*** Opening Exercise input ***

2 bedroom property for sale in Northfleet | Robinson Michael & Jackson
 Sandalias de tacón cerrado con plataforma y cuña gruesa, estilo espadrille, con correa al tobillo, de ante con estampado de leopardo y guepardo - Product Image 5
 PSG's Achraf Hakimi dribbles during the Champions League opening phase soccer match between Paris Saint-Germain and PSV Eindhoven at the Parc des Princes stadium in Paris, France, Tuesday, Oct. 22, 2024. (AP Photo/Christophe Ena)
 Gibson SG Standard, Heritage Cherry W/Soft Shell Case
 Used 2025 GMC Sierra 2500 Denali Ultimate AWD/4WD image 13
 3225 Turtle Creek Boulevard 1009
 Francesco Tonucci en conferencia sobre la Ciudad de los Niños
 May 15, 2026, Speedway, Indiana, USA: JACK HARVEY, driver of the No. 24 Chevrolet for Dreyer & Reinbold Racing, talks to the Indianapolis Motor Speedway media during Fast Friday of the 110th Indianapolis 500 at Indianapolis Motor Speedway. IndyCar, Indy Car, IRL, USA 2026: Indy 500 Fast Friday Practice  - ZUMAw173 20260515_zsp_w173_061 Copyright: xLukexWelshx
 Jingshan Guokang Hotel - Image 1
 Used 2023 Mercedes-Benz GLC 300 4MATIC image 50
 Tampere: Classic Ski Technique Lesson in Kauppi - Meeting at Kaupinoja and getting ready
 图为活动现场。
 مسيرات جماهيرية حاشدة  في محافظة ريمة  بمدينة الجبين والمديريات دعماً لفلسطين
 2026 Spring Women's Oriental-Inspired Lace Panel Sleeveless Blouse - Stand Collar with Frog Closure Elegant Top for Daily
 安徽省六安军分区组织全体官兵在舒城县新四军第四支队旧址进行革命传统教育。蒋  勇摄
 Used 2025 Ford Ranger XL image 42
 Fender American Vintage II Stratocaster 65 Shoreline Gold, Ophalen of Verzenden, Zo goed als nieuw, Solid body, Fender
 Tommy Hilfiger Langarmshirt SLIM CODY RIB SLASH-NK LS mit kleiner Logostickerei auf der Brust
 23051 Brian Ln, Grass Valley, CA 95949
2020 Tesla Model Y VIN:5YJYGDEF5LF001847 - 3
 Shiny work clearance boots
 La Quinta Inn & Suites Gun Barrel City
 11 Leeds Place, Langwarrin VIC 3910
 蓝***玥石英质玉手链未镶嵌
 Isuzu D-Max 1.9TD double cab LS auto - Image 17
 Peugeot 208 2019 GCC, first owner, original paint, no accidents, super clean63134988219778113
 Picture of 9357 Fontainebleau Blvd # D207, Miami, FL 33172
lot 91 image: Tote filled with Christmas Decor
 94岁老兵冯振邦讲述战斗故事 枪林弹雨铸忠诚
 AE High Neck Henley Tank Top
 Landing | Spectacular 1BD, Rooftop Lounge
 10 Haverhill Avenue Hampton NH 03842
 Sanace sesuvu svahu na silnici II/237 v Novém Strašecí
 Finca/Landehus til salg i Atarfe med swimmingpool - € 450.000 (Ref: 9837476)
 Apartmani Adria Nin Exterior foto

*** Closing Exercise input ***

What you need to do:
Set down, exactly as they stand above, the lines starting with the line with "Isuzu D-Max 1.9TD" and going on through the line with "10 Haverhill Avenue Hampton NH 03842", and no others.

Answer:
 Isuzu D-Max 1.9TD double cab LS auto - Image 17
 Peugeot 208 2019 GCC, first owner, original paint, no accidents, super clean63134988219778113
 Picture of 9357 Fontainebleau Blvd # D207, Miami, FL 33172
lot 91 image: Tote filled with Christmas Decor
 94岁老兵冯振邦讲述战斗故事 枪林弹雨铸忠诚
 AE High Neck Henley Tank Top
 Landing | Spectacular 1BD, Rooftop Lounge
 10 Haverhill Avenue Hampton NH 03842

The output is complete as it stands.